65 ambulatory PwMS with lower extremity spasticity were randomly assigned to STC or ROM. Both groups had two 2-hour group sessions and were asked to track their exercise for six months. At baseline, chronic pain prevalence and locations were reported. At baseline and 6 months after the sessions, pain severity and interference were measured with the Brief Pain Inventory – Short Form (BPI-SF). Differences between baseline and 6-month scores for all subjects and within each group were compared with paired t-tests.

Results

At baseline, 52% of subjects (34/65, 13 in STC [39.4%], 21 in ROM [65.6%]) reported chronic pain, most frequently in the lower back (73.5%), legs (70.6%), or lower back and legs (88.2%). Twenty of the 34 who reported chronic pain at baseline completed the BPI-SF at 6 months (8 in STC, 12 in ROM). Although pain severity was not significantly decreased in all subjects combined (mean change = -0.59, 95% CI = -1.49 to 0.32, t = -1.36, p=0.19) or separately in STC (mean change = -1.47, 95% CI = -3.28 to 0.34, t = -1.92, p=0.096) or ROM (mean change = 0.00, 95% CI = -1.0 to 1.0, t = 0.00, p=1.0), pain interference was significantly decreased in all subjects combined (mean change = -1.05, 95% CI = -2.03 to -0.07, t = -2.25, p = 0.037).

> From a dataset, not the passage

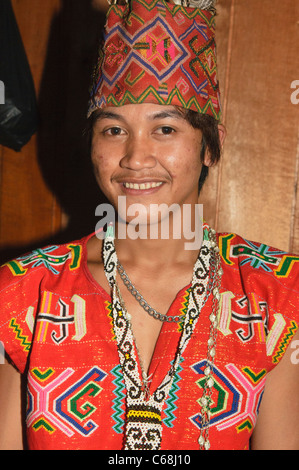 IBAN-Mann in traditionellen Hornbill Kostüm am Nanga Sumpa Langhaus in Sarawak, Borneo, Malaysia Stockfoto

Similar trends were observed in the two groups (STC mean change -1.86, 95% CI = -3.97 to 0.26, t = -2.07, p=0.08. ROM mean change -0.51, 95% CI = -1.55 to 0.53, t = -1.08, p=0.3).

Conclusions

Exercise may help reduce pain interference in PwMS and spasticity. The impact on pain severity, and the relative impact of stretching and ROM exercises is uncertain. A fully-powered study is needed to better understand the impact of different types of exercise on pain severity and interference in MS.